Autopilot – Köge, Balzás Farkas, Zsolt Magda Zsolt and Márton Rátkai (from left to right) at the ‘late’ GMK Club /// Photo by Lajos Somogyi / Bands Through the Lens


‘Meze’ is an interesting serving mode in the Eastern-Mediterranian cultural space which is very practical if one has a bigger dinner with a larger group. You put a million type of food on the table. Meat from lamb to chicken, sauces, dips, vegetables and all kinds of sides from home-made bread to potato. I’ve met with this practice in Cyprus and Greece but it’s also very popular in the Balcan, Turkey and in the arab region, originated in Persia. The main point is that many of us come together, we each try a bit of everything, have a couple of drinks, chat with the others and have an amazing time! Eastern tapas & world peace!
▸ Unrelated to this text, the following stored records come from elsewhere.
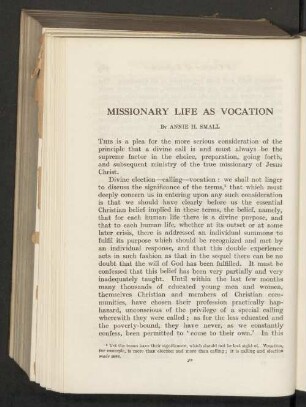 Missionary life as vocation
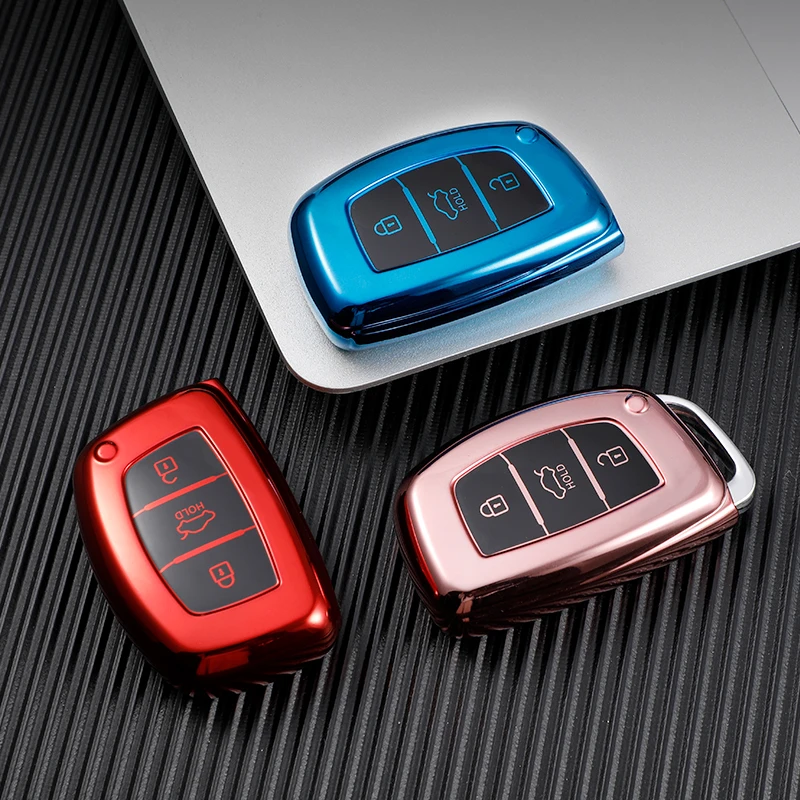 

Soft TPU Car Remote Key Case Cover Shell For Hyundai Tucson Sonata Santa Fe Elantra Accent Solaris Verna ix25 ix35 i20 i30 i40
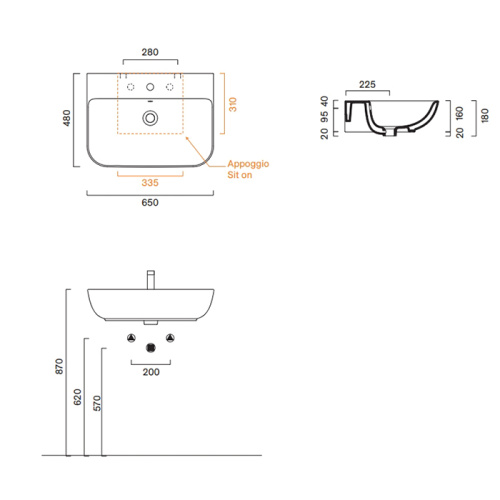 Раковина керамическая Catalano Italy 65 см 720651001 подвесная цвет белый 1 отверстие под смеситель - фото 2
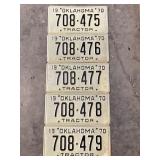 5 OKLAHOMA LICENSE PLATES 1970 TRACTOR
Before anyone would think that I’ve gone crazy, or that I’m trying to start a gastro-blog, don’t worry, it’s not the case. The reason for this exposition is that this is what the new album of Autopilot made me think about. Half the Pressure, Twice the Speed is like the neighbour who you spot in the crowd, saying, ‘I know that guy’ but you don’t know where from. You take a closer look and say ‘Oh yeah, that’s him!’ Then after a while you realise that you don’t actually know them, you are merely familiar with the idea of them.
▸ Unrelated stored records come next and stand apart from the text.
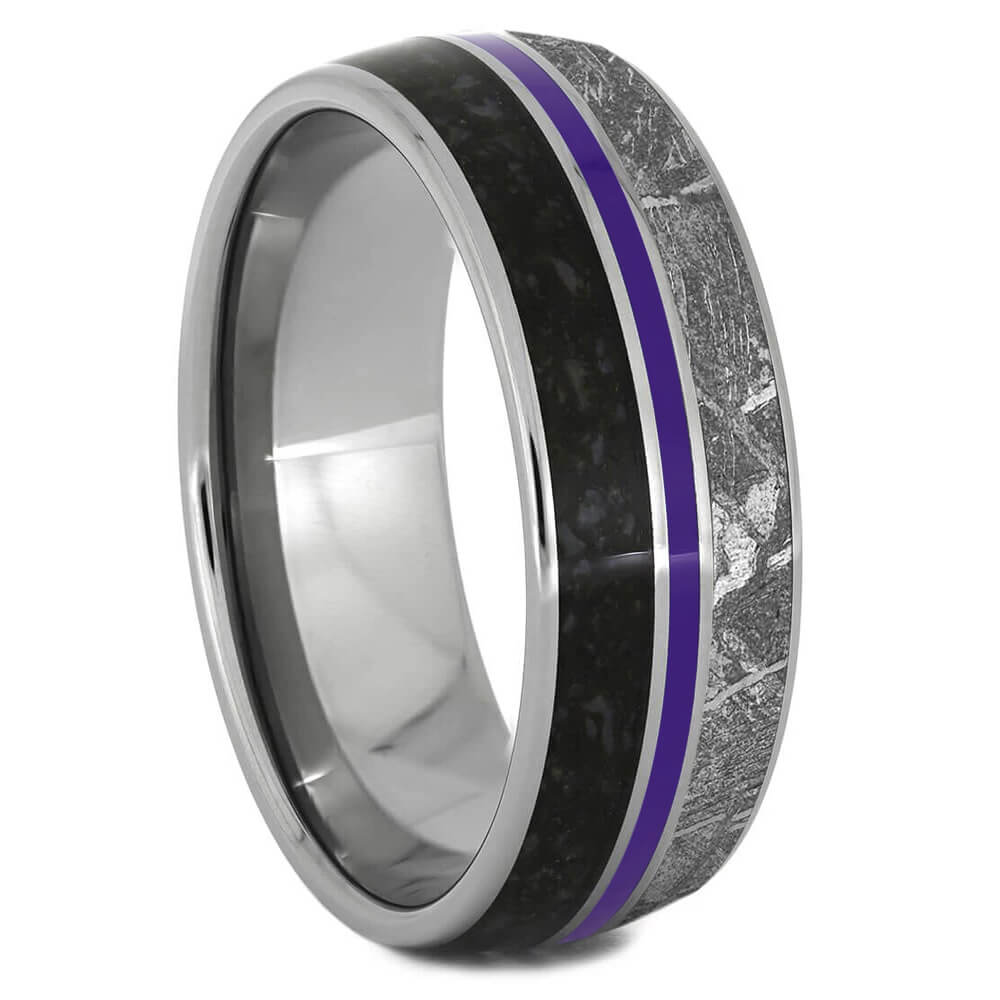 Meteorite and Dinosaur Bone Ring With Purple Pinstripe-2570PU - Jewelry by Johan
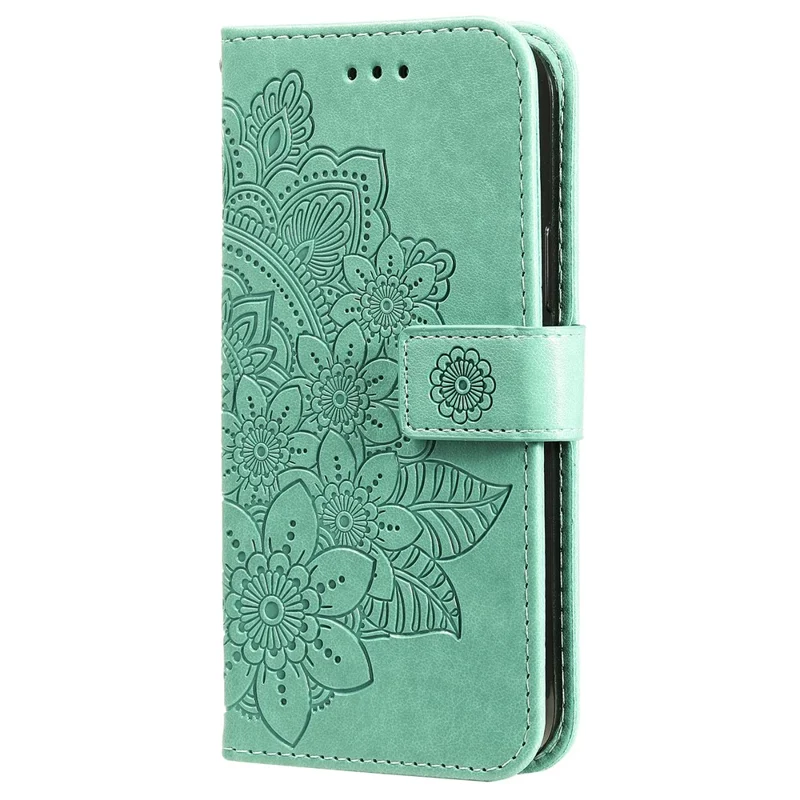 PU Leather Imprint Flowers Pattern Wallet Phone Case with Lanyard for Xiaomi Mi 11 - Green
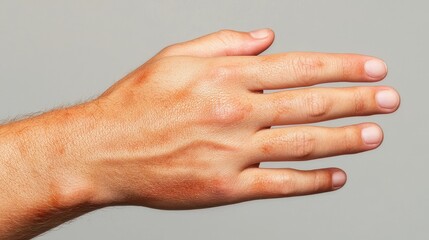 Skin Damaged Sun Concept, Close-up of Sunburned Skin on Back of Hand Highlighting Prominent Veins and Natural Skin Tone Variation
Autopilot brings us ten tracks and although the album is a new thing in itself, I nearly said ‘Oh heck, I’ve already heard this!’ It’s a journey. It starts, places you on a wave and then puts you down on the beach. Still, you constantly think about where have you heard it before.
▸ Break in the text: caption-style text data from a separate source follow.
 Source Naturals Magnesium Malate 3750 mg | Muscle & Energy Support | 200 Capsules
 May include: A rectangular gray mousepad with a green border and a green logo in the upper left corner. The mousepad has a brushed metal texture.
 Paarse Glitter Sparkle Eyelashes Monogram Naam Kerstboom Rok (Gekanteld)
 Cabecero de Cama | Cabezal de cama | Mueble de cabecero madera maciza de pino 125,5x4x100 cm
Then three names kicked in: Pink Floyd, Thirty Seconds to Mars and Metallica. This is of course not a comparison. Nor does it mean that the music is full of recycled motives. Or that it’s an epygon. No! It’s only that emotionally and atmospherically in certain moments I was feeling the same emotions that I usually do while listening to the trio listed above. Before anyone would exile me to the dark side of the moon to mine some stone, I have to underline this again: Autopilot is not like Pink Floyd, not like Thirty Seconds to Mars and definitely nothing like Metallica! What I’m trying to say is that the album evokes emotions which are familiar. And this – no matter where they come from – is a pleasant feeling.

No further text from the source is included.